8 thoughts on “When Evening Falls So Hard

  1. Wow .. I think I held my breath the entire way through that. You have a lot on your plate, and I was exhausted just getting through the “Did he pass his exams, did he get the certificate, did he get the offer to the school he wanted .. how do we handle this enrolment fiasco?”. It’s been a tough few weeks for me, waiting on all of those things, and sometimes, well most of the time really, it has felt like I was the only one taking any of it seriously, and I was the only one feeling the strain. Now I’m worrying that I have done TOO much for him; that I have now failed in that I have made it too easy for him to wind up at the place he wants to be, and now he wont have the strength and skill to cope alone. I feel for you, I really do. Being a parent is the hardest bloody job in the world, and it never ends. The struggle, the second guessing. Luckily, it is also the most rewarding.

    As always, a joy to read you.
    Take care.

    • mzklever says:

      From what I gather from my various teenage friends is they do care, just not from the perspective that we do. We have the ability to see the long term consequences, whereas they are biologically incapable. What they care about most is not living at home 😉 Congrats to you and your son. He will likely be just fine. There is history to this family issue that I’ve never felt it appropriate to blog about.

  2. Hang in there with transitions…just a thought…but would it help her burn some energy and help rebuild her mojo if she did the redecorating in her room? Yet another reason for a job to save up for the goods to get all frenchy too. Just a thought.

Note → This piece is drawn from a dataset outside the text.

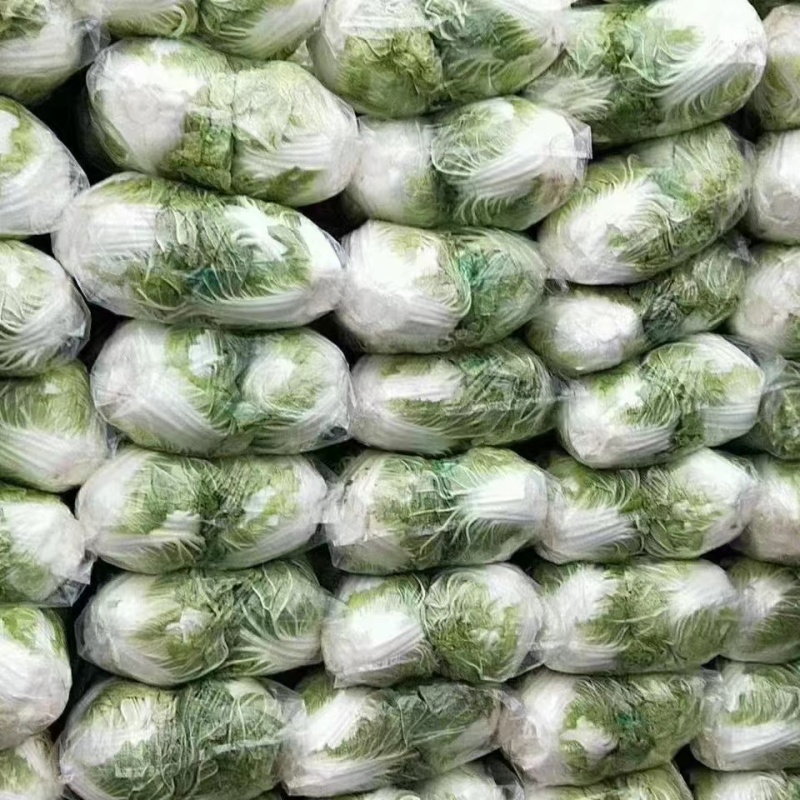精品大白菜净菜2~3斤欢迎询价产地直发电话联系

    sigh. yeah. family is a lot of work…that’s my observation this weekend too…

    • mzklever says:

      She already has all the stuff…we decked out her dorm room with posters, pillows, throws, etc. I’m trying to have it guest room ready, since my friend is staying for a day before heading back to Connecticut, but Aubrey has an amazing sense of style and color, so she’ll likely change out what she doesn’t want later on. She essentially owns everything necessary to furnish a first apartment, including a sofa (that was bought for here, not there), desk, shelves, pots, pans, dishes, silverware, baking supplies, cake decorating supplies, the list is endless. Fortunately, we needed new dishes, and I hadn’t bought them yet, so those will get some use, and her brother needs pots and pans. She did get her old job back, and with a few more hours a week, and she likes working there. I may send her to cake decorating classes. She makes THE most delicious gluten free cakes, and can probably make a little side money by making cakes for kids parties. A lot of places make cupcakes, but no one does GF theme cakes like Disney characters. For the next few months, we’re going to stick with creative outlets and try to avoid any major stress.

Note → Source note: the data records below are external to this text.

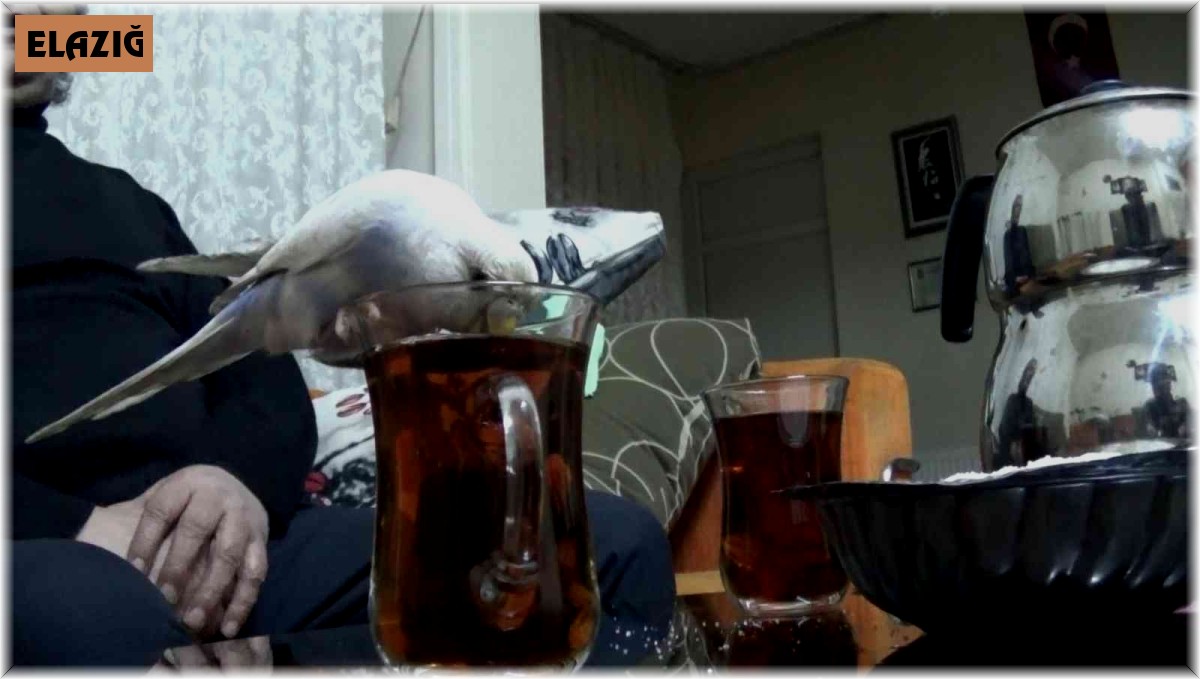 Bu çayın tiryakisi bir başka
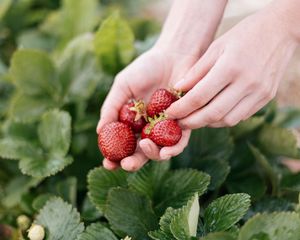 Preview wallpaper strawberry, berry, hands, blur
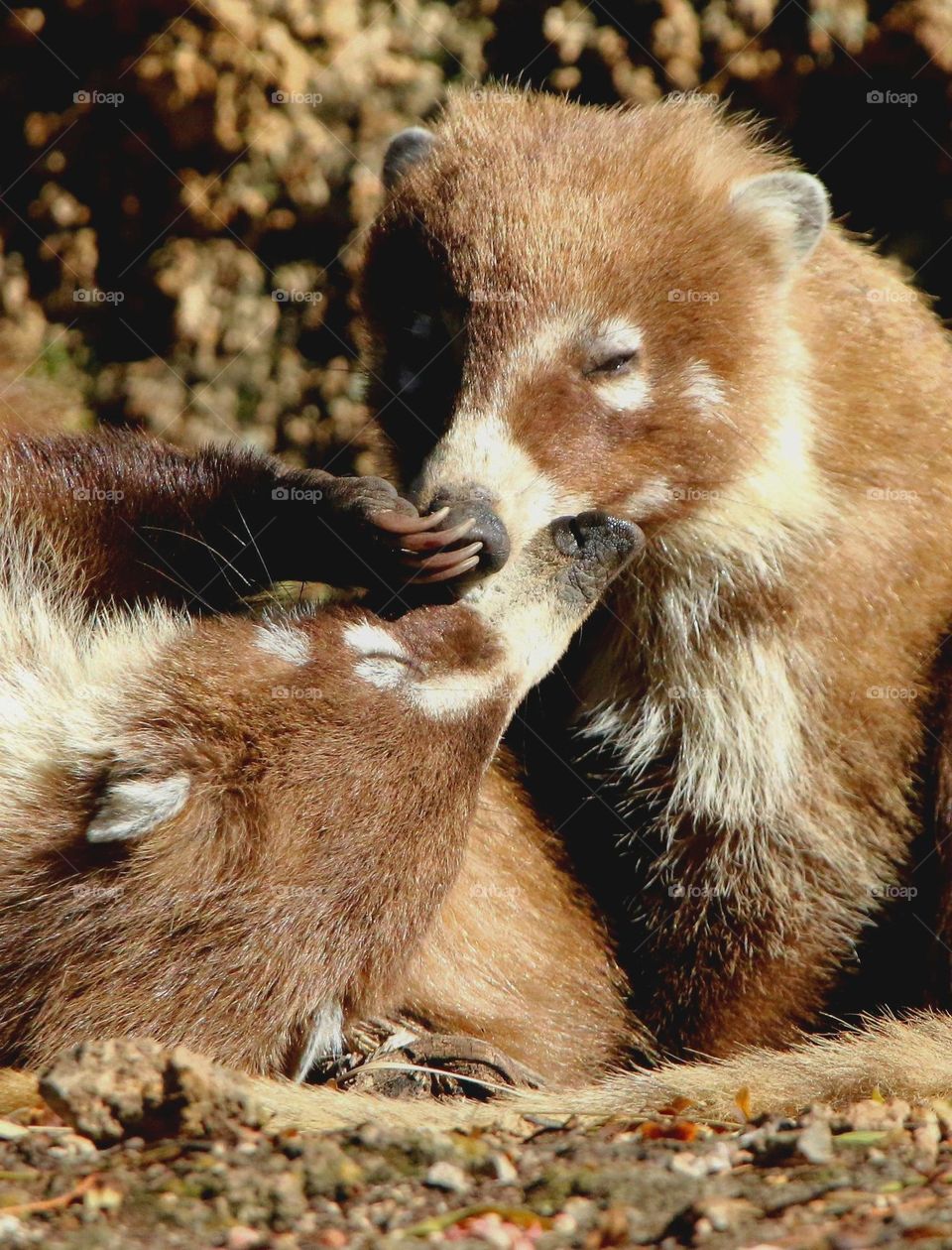 Two Young Coatis at Play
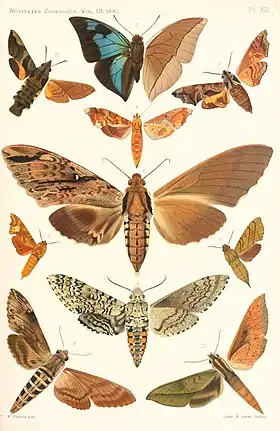 A. splendida é a única borboleta, acima, nesta gravura de seu denominador de gênero e espécie, Rothschild, em 1894, retirada da obra Novitates Zoologicae. O restante são mariposas, ou traças, Sphingidae.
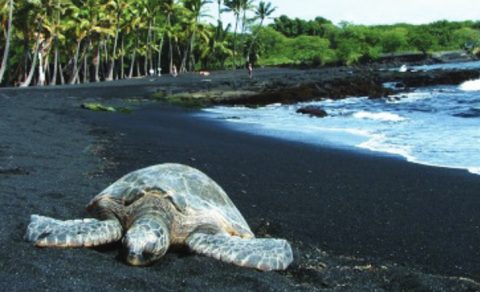 Punalu'u Black Sand Beach, Hawaii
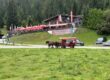 Tirol 2025 12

      I hope your children-induced grief eases. My two like to tag team.

  3. Cally says:

    I agree with the above comment. You’ve got a lot on your plate. But it also sounds like you’ve got a plan. I really wish I’d taken some time between high school and college- I hope it’s beneficial for her.

    • mzklever says:

      Cally, trust me when I say it just SOUNDS like I have a plan 😉 Really, I know it’s about taking it one day at a time. Sometimes it’s an hour at a time. And sometimes, it’s minute by minute. I’ve found myself literally stopping to remind myself to breathe in, breathe out…I get so wound up that I truly forget to breathe as all the tension gathers. Honestly, I do not know how I could possibly get through this without all the help of so many of my friends. I am hoping that this situation is a catalyst for change for her, and that she finally starts to deal with some things from which she tends to dissociate. I don’t mind her taking a year off, but I don’t want her taking ten years off, like I did, and then taking 27 years to get an associates degree.